Urban Extreme Heat Exposure Has Tripled Since the 1980s, Study Shows

Los Angeles, California.

Los Angeles, California. pxfuel

The number of person-days when city dwellers are exposed to extreme heat and humidity has tripled since the early 1980s, according to a new study of more than 13,000 cities worldwide.

Temperatures in cities are generally higher than in rural areas, owing to the lack of trees and the abundance of concrete. The dramatic growth in urban extreme heat exposure is a function of people moving from rural areas to warmer urban areas and of more severe heat as a result of climate change. Migration to cities accounted for two-thirds of the increased exposure, while climate change accounted for a third, the study found.

Scientists defined extreme heat as 106 degrees F on the wet-bulb scale, an indicator of how hot it feels given the temperature and humidity. Such severe heat can make being outside difficult for healthy people and can prove life-threatening for unhealthy people. In 1983, the number of person-days when people living in cities were exposed to extreme heat was 40 billion. By 2016, that figure had risen to 119 billion, according to the study, which was published in the Proceedings of the National Academy of Sciences.

“This has broad effects,” said Cascade Tuholske, a postdoctoral researcher at Columbia University and lead author of the study. “It increases morbidity and mortality.
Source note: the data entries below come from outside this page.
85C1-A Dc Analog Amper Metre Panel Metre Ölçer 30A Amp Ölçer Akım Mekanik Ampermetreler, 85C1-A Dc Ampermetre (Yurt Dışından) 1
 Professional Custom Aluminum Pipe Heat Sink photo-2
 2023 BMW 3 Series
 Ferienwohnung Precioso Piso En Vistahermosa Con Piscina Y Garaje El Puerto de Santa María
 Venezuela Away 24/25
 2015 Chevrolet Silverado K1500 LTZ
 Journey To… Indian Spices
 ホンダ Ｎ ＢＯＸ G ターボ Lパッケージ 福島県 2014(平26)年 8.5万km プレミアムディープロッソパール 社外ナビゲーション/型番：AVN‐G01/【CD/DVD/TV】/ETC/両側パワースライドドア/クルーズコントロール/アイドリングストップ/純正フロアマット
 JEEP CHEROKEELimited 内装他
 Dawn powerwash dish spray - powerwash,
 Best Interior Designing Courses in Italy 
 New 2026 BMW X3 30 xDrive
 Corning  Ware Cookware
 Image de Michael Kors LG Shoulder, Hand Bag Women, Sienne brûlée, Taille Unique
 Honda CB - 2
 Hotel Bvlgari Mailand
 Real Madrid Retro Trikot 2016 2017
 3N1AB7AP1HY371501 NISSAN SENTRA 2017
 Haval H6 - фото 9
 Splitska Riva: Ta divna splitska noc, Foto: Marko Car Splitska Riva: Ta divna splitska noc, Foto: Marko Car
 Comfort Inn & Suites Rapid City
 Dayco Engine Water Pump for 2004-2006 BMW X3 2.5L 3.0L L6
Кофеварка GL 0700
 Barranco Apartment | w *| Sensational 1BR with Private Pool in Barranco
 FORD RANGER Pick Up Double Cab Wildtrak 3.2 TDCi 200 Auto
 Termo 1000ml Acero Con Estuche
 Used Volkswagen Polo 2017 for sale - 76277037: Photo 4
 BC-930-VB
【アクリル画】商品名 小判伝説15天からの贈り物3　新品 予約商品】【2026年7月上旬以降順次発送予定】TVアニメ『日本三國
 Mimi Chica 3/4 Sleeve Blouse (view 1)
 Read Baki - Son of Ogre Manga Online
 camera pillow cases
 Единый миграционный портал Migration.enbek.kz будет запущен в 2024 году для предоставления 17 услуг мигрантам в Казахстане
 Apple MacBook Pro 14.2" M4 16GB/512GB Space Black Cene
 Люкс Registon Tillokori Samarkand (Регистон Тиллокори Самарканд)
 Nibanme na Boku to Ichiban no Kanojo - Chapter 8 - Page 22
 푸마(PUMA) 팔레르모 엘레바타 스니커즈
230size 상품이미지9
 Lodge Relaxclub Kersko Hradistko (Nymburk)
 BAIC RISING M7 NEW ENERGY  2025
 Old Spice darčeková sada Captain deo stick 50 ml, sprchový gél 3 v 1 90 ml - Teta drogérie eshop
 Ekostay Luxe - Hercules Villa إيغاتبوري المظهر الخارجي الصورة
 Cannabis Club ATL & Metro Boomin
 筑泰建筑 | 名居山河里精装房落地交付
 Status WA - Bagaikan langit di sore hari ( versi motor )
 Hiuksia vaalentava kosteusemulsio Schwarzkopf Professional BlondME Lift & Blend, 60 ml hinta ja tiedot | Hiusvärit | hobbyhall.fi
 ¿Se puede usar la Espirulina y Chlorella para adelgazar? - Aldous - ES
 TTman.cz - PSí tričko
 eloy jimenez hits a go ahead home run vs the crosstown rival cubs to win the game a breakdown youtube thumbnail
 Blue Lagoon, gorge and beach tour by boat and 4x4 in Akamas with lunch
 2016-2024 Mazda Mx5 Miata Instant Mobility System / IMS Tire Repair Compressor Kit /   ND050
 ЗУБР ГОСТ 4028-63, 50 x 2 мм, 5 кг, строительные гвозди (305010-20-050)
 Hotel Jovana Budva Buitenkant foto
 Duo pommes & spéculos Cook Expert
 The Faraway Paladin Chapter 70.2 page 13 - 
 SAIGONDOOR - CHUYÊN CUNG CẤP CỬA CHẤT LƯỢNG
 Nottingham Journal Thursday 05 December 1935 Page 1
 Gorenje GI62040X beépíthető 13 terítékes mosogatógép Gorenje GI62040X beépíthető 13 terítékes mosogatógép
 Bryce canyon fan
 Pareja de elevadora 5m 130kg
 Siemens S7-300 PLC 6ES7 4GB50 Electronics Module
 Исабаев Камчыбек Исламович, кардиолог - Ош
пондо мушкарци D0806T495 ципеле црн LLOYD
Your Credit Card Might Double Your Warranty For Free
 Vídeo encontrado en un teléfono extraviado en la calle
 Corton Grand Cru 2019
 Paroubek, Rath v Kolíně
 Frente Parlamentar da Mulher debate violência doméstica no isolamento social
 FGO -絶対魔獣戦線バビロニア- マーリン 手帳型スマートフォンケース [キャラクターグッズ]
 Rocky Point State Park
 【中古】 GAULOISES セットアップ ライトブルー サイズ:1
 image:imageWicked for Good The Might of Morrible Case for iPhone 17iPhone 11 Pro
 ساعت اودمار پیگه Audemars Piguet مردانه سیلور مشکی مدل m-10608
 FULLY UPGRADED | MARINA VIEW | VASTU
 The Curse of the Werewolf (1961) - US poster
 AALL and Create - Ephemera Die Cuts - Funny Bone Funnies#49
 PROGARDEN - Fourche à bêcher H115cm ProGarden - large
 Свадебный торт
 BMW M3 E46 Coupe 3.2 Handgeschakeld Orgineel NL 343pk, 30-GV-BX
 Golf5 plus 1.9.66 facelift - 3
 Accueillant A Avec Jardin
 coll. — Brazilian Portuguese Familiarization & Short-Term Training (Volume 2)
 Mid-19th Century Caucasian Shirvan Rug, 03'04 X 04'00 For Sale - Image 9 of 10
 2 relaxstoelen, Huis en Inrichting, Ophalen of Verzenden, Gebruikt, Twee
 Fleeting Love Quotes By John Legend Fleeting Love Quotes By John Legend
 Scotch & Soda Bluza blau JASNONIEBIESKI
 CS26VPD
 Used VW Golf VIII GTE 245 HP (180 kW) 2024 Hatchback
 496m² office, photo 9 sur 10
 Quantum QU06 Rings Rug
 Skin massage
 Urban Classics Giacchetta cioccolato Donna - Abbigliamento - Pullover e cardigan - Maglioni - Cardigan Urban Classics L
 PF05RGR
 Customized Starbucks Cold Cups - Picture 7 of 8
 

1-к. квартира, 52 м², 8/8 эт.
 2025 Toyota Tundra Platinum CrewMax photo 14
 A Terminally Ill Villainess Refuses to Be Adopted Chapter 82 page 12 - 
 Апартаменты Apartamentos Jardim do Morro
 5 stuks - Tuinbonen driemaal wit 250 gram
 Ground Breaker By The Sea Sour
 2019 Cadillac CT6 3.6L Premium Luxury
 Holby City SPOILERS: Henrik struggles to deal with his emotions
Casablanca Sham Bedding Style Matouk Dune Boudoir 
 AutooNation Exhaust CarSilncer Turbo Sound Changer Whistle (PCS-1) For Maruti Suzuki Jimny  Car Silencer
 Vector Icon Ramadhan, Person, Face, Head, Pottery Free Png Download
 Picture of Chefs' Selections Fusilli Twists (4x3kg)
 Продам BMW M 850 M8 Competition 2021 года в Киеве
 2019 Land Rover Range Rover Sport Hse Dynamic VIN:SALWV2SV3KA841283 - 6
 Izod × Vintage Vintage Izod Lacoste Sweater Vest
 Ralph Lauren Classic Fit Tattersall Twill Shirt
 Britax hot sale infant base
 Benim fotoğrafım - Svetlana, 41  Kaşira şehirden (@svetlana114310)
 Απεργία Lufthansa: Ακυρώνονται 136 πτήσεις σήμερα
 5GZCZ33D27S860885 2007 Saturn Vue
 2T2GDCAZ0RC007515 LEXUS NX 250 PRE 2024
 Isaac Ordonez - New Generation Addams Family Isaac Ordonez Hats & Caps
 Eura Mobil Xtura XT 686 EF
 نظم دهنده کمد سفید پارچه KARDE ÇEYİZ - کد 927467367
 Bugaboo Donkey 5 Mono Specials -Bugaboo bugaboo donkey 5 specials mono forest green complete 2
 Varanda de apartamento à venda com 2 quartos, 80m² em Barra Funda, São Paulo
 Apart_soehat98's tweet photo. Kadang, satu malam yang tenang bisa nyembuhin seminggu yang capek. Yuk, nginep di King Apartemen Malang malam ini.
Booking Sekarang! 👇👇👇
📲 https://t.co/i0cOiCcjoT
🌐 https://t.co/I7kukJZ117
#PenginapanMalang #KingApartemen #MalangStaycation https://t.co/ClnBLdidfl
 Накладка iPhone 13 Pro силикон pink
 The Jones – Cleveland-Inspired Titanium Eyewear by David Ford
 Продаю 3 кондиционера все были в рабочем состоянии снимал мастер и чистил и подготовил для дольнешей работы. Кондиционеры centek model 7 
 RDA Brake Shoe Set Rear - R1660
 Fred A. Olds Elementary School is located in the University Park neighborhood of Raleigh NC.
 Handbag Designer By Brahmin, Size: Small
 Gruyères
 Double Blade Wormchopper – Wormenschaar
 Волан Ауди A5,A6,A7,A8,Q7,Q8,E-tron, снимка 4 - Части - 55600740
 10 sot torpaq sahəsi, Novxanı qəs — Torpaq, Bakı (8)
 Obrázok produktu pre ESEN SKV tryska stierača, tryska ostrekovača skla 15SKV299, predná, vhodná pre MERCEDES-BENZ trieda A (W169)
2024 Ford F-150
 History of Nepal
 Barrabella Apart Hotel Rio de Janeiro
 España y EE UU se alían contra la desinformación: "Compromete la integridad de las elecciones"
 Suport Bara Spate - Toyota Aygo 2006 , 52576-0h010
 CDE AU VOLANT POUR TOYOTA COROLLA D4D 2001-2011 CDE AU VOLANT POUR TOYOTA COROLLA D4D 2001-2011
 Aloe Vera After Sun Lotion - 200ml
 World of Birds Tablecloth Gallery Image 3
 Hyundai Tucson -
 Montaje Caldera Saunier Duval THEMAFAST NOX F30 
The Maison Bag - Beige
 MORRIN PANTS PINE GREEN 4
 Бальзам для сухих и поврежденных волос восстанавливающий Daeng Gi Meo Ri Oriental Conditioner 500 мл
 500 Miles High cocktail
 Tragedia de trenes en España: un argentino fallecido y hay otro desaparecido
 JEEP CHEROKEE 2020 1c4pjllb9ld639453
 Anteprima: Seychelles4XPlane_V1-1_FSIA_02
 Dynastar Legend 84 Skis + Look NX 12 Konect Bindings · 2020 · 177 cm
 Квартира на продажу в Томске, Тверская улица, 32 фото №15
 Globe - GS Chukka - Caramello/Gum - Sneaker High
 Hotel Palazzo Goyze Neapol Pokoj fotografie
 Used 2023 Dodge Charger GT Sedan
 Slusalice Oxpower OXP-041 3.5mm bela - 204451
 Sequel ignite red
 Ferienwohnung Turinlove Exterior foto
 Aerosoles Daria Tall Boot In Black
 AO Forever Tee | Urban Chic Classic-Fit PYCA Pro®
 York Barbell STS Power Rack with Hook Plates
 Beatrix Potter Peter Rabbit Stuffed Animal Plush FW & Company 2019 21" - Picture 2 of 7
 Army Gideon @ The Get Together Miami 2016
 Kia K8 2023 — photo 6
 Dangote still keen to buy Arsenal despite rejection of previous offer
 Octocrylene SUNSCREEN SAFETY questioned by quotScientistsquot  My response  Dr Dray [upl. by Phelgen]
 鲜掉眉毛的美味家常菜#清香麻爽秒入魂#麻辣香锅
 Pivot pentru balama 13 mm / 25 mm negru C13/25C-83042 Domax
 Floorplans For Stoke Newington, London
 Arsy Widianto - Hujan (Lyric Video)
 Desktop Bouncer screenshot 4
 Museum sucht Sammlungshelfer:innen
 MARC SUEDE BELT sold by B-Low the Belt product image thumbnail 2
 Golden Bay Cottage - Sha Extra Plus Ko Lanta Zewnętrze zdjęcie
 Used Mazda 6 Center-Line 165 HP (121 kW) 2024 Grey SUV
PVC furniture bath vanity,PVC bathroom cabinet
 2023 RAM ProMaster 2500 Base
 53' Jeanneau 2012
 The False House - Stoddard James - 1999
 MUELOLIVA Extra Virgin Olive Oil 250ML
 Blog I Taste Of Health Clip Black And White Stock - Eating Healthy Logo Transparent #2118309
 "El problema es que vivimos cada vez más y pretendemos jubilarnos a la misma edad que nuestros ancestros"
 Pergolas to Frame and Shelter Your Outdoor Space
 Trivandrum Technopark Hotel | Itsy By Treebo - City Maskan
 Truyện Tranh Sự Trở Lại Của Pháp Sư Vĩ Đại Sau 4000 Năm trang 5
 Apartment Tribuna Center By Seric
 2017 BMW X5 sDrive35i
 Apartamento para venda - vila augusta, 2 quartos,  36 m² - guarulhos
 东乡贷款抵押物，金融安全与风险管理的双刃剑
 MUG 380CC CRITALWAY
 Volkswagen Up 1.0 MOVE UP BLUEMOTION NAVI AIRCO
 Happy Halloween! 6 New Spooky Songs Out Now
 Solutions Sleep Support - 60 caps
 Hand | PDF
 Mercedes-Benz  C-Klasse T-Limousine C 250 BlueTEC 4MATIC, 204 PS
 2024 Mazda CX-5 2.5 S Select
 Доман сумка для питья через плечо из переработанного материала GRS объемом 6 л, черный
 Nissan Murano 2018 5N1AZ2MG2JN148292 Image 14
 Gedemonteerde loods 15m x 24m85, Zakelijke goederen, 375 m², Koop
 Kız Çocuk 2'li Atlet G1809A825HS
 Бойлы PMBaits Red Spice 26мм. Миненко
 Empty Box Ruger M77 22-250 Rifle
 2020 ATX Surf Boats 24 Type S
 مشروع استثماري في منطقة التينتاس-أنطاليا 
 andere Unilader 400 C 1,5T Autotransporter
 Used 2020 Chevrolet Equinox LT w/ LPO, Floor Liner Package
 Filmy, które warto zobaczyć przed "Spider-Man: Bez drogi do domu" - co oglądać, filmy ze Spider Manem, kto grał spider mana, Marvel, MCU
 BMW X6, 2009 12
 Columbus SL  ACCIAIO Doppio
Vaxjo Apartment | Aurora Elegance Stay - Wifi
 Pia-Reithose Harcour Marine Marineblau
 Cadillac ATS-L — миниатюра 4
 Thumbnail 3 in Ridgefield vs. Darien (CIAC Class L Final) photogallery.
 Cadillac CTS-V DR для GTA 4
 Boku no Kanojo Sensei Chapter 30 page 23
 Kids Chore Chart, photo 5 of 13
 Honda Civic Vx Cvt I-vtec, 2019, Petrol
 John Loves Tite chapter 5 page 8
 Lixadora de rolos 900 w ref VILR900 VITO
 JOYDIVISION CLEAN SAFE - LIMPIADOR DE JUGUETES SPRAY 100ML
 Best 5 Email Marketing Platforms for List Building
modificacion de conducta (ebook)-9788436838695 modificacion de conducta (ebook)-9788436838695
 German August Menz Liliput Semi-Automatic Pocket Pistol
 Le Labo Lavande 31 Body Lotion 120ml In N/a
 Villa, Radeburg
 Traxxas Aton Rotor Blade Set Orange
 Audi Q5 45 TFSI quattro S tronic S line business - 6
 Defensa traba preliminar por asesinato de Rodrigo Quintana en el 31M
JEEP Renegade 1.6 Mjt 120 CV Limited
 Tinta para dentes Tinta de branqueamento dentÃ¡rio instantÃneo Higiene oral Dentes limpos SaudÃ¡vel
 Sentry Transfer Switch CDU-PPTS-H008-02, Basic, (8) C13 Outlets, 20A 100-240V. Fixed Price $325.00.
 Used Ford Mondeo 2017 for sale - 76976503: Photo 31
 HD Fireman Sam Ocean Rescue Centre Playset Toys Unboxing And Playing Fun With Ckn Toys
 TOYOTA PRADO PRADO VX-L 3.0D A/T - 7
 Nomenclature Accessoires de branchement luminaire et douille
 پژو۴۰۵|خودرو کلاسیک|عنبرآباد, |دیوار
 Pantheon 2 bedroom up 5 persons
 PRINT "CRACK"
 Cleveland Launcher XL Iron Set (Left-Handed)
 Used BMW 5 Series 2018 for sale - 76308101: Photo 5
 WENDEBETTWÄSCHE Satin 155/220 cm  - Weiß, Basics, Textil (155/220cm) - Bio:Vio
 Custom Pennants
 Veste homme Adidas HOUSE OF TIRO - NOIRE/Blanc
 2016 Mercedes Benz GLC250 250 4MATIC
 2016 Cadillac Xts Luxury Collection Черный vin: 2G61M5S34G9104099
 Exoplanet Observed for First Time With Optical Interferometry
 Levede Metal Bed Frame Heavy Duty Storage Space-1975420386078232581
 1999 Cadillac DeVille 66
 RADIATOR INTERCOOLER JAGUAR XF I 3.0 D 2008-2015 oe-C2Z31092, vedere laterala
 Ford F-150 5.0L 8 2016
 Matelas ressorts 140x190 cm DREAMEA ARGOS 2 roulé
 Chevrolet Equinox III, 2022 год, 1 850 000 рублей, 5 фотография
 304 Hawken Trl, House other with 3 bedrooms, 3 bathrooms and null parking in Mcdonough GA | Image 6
It impacts people’s ability to work, and results in lower economic output. It exacerbates pre-existing health conditions.”

Cities nearer the equator, such as Shanghai and Guangzhou in China, have been more severely affected. Dhaka, the capital of Bangladesh, the hardest-hit city, has seen an increase of 575 million person-days of extreme heat, the study found.

In the United States, cities in Texas and along the Gulf Coast have seen the largest growth in exposure to extreme heat. While population growth is driving the uptick in some places, such as Las Vegas, in others, climate change is the central factor. In Providence, Rhode Island, for instance, greater exposure to extreme heat is due almost exclusively to higher temperatures and humidity.

Future warming and urban growth could lead to a 400 percent increase in extreme heat exposure by 2050, with river valleys in South Asia and Africa — such as the Ganges, Indus, Nile, and Niger — being the most affected, the study’s authors wrote in The Conversation.

“Numerous studies have shown that extreme heat reduces labor productivity and economic output,” the authors wrote, adding that “the convergence of changes in extreme heat with large urban populations calls into question the conventional wisdom that urbanization uniformly reduces poverty.”